In the words of Euclid:

If two magnitudes have to one another the ratio which a number has to a number, the magnitudes will be commensurable.

### Porism

In the words of Euclid:

From this it is manifest that, if there be two numbers, as $D$, $E$, and a straight line, as $A$, it is possible to make a straight line [$F$] such that the given straight line is to it as the number $D$ to the number $E$.
And, if a mean proportional be also taken between $A$, $F$, as $B$,
as $A$ is to $F$, so will the square on $A$ be to the square on $B$, that is, as the first is to the third, so is the figure on the first to that which is similar and similarly described on the second.
But, as $A$ is to $F$, so is the number $D$ to the number $E$; therefore it has been contrived that, as the number $D$ is to the number $E$, so also is the figure on the straight line $A$ to the figure on the straight line $B$.

## Proof

Let $A$ and $B$ be magnitudes which have to one another the ratio which the number $D$ has to the number $E$.

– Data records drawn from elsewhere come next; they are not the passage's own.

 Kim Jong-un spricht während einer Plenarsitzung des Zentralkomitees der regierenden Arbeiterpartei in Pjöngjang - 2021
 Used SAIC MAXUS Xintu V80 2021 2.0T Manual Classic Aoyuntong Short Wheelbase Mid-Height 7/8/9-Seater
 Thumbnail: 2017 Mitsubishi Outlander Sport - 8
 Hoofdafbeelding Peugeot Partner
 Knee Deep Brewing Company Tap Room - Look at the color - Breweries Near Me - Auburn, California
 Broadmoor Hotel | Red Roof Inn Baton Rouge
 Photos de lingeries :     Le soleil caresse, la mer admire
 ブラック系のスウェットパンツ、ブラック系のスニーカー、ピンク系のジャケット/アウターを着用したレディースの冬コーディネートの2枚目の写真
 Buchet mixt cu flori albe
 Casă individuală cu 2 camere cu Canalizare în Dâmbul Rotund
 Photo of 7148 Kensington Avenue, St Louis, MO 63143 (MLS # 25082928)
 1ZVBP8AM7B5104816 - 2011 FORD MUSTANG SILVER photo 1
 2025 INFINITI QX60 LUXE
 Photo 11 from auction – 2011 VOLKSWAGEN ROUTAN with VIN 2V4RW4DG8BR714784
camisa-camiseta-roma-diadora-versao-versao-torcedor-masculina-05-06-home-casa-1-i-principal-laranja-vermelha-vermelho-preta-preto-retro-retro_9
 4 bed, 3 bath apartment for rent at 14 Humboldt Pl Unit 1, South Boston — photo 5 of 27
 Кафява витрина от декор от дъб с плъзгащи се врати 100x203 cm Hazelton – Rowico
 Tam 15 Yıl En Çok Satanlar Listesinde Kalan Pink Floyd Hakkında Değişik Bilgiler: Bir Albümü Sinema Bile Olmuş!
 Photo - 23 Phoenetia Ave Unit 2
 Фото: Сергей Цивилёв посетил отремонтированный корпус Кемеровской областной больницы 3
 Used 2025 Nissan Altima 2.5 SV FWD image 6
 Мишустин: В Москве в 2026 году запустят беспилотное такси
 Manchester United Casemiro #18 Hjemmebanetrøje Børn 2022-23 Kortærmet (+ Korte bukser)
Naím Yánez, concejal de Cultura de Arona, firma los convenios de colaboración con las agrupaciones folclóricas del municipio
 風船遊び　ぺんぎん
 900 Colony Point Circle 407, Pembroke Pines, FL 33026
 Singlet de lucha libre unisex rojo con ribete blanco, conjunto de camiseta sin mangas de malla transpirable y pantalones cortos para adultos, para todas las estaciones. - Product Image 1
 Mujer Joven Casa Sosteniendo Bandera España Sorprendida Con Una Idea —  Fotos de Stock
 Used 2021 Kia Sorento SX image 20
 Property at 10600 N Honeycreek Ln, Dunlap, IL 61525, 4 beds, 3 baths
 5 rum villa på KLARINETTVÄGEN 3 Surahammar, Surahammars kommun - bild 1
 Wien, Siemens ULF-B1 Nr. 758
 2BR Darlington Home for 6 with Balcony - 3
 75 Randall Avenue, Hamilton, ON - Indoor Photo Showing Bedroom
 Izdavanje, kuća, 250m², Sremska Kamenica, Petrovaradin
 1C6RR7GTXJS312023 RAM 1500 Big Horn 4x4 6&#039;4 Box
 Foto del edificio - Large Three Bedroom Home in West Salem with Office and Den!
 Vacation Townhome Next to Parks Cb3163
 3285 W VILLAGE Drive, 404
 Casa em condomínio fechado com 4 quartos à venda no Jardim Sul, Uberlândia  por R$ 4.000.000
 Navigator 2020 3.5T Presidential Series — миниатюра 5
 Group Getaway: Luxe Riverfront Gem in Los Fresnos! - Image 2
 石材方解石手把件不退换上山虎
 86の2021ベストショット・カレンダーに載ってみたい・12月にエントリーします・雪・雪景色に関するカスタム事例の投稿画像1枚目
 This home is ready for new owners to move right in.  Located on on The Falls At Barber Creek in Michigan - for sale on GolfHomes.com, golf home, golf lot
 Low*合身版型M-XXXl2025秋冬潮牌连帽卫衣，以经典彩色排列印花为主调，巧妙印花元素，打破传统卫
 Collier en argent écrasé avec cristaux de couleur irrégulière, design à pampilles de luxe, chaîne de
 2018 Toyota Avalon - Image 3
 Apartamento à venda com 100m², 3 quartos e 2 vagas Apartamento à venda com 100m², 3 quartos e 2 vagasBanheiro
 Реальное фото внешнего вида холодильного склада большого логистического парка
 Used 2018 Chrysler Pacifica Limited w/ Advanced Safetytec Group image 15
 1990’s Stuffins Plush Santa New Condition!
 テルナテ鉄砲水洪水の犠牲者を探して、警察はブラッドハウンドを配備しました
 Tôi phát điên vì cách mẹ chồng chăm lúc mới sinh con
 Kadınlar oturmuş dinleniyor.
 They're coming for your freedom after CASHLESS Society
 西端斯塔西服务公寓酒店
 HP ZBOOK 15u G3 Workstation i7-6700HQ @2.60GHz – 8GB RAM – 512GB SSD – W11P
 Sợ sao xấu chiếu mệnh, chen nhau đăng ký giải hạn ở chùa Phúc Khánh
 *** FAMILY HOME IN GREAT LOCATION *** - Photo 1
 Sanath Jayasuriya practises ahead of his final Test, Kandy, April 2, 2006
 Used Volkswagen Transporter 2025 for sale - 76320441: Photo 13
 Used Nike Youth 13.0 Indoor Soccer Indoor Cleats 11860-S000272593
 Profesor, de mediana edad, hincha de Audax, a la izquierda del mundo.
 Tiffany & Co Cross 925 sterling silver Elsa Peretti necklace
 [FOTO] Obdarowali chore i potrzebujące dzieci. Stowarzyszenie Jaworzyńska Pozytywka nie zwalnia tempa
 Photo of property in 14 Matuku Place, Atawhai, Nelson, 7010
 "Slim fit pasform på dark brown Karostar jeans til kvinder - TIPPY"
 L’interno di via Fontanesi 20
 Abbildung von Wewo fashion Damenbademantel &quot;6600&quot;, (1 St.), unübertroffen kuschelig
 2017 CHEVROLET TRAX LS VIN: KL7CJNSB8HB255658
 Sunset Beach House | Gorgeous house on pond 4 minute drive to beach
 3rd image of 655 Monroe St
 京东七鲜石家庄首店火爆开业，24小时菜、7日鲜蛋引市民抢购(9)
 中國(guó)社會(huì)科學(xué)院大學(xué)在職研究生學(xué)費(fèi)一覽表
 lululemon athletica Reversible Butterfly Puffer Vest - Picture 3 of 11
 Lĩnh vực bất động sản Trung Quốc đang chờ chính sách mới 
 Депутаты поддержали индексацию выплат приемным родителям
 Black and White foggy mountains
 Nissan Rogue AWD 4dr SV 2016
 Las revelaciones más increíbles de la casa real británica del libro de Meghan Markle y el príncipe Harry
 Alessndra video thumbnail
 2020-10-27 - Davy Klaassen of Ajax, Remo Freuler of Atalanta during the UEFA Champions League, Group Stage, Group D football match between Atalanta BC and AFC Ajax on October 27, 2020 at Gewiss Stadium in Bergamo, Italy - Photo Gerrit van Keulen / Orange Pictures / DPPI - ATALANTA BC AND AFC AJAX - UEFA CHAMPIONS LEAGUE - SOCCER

Let $A$ be divided into as many equal parts as there are units in $D$.

Let $C$ be equal to one of those parts.

Let $F$ be made up of as many magnitudes equal to $C$ as there are units in $E$.

Since:

there are in $A$ as many magnitudes equal to $C$ as there are units in $D$

then:

whatever part the unit is of $D$, the same part is $C$ of $A$.
$\dfrac C A = \dfrac 1 D$

and so from the porism to Ratios of Equal Magnitudes:

$\dfrac A C = \dfrac D 1 = D$

Since:

there are in $F$ as many magnitudes equal to $C$ as there are units in $E$

then from Ratios of Fractions in Lowest Terms:

$\dfrac C F = \dfrac 1 E$
$\dfrac A F = \dfrac D E$

But:

$\dfrac D E = \dfrac A B$

and so from Equality of Ratios is Transitive:

$\dfrac A B = \dfrac A F$

Therefore $A$ has the same ratio to each of the magnitudes $B$ and $F$.

Therefore from Magnitudes with Same Ratios are Equal:

$B = F$

But $C$ measures $F$.

Therefore $C$ also measures $B$.

Further, $C$ also measures $A$.

Therefore $C$ measures both $A$ and $B$.

Therefore $A$ is commensurable with $B$.

$\blacksquare$

## Historical Note

This proof is Proposition $6$ of Book $\text{X}$ of Euclid's The Elements.